Virus Name: Pegg-833
V Status: Rare
Discovered: March, 1993
Symptoms: COMMAND.COM & .EXE growth; decrease in total system &
available free memory; write protect errors
Eff Length: 833 - 847 Bytes
Type Code: PRhEK - Parasitic Resident COMMAND.COM & .EXE Infector
Detection Method: F-Prot, ViruScan, AVTK, IBMAV, Sweep, NAV,
NAVDX, VAlert, PCScan, ChAV,
NShld, Sweep/N, NAV/N, AVTK/N, NProt, IBMAV/N, Innoc,
Removal Instructions: Delete infected files
The Pegg-833 virus was submitted in March, 1993. Pegg-833 is a
memory resident infector of COMMAND.COM and .EXE programs. It does
not infect other .COM programs.
When the first Pegg-833 infected program is executed, the Pegg-833
virus will install itself memory resident at the top of system
memory but below the 640K DOS boundary, hooking interrupts 21 and
6C. Total system and available free memory, as indicated by the
DOS CHKDSK program, will have decreased by 1,120 bytes. Interrupt
12's return will not be moved. Also at this time, the Pegg-833
virus will infect COMMAND.COM, if it was not previously infected.

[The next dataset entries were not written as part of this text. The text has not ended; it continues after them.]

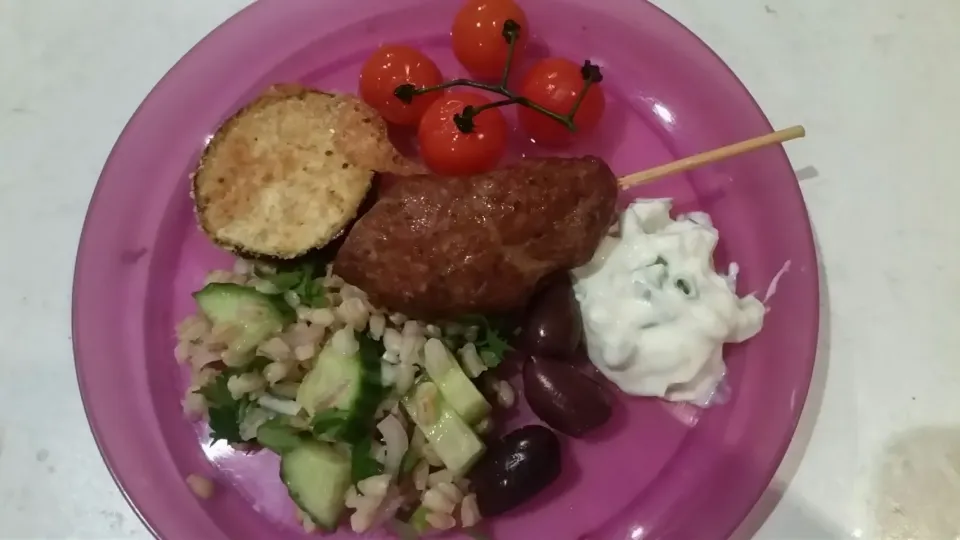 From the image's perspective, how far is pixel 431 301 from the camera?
1859mm

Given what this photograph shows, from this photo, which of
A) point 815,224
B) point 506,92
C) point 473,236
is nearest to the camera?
point 473,236

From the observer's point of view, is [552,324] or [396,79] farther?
[396,79]

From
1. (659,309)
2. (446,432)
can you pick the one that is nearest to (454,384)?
(446,432)

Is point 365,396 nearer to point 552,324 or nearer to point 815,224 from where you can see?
point 552,324

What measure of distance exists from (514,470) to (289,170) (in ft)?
3.05

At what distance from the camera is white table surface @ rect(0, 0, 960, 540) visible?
200 centimetres

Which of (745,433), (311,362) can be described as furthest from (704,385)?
(311,362)

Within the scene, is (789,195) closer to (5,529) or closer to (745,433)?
(745,433)

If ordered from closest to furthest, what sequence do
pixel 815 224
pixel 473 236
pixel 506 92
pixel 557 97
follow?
1. pixel 473 236
2. pixel 506 92
3. pixel 557 97
4. pixel 815 224

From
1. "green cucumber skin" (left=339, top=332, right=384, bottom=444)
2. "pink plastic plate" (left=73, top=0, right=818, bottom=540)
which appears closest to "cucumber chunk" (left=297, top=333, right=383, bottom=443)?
"green cucumber skin" (left=339, top=332, right=384, bottom=444)

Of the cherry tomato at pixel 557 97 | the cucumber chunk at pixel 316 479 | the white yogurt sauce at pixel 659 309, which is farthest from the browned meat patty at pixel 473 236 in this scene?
the cucumber chunk at pixel 316 479

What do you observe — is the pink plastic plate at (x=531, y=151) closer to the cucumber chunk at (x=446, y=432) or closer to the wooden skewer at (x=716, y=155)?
the wooden skewer at (x=716, y=155)

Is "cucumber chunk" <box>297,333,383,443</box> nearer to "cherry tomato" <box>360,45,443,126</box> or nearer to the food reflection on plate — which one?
the food reflection on plate

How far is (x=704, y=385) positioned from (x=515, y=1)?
1.14 metres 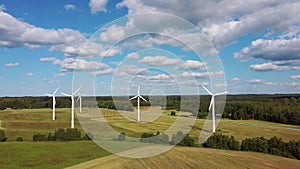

Once memory resident, the Pegg-833 virus will infect .EXE programs
when they are executed or opened. Infected programs will have a
file length increase of 833 to 847 bytes with the virus being
located at the end of the file. The program's date and time in the
DOS disk directory listing will not be altered. No text strings
are visible within the viral code in Pegg-833 infected programs.
Systems infected with the Pegg-833 virus will experience repeated
write protect errors when the user attempts to execute uninfected
programs from write-protected diskettes. The write-protect error
messages will scroll down the screen without user response.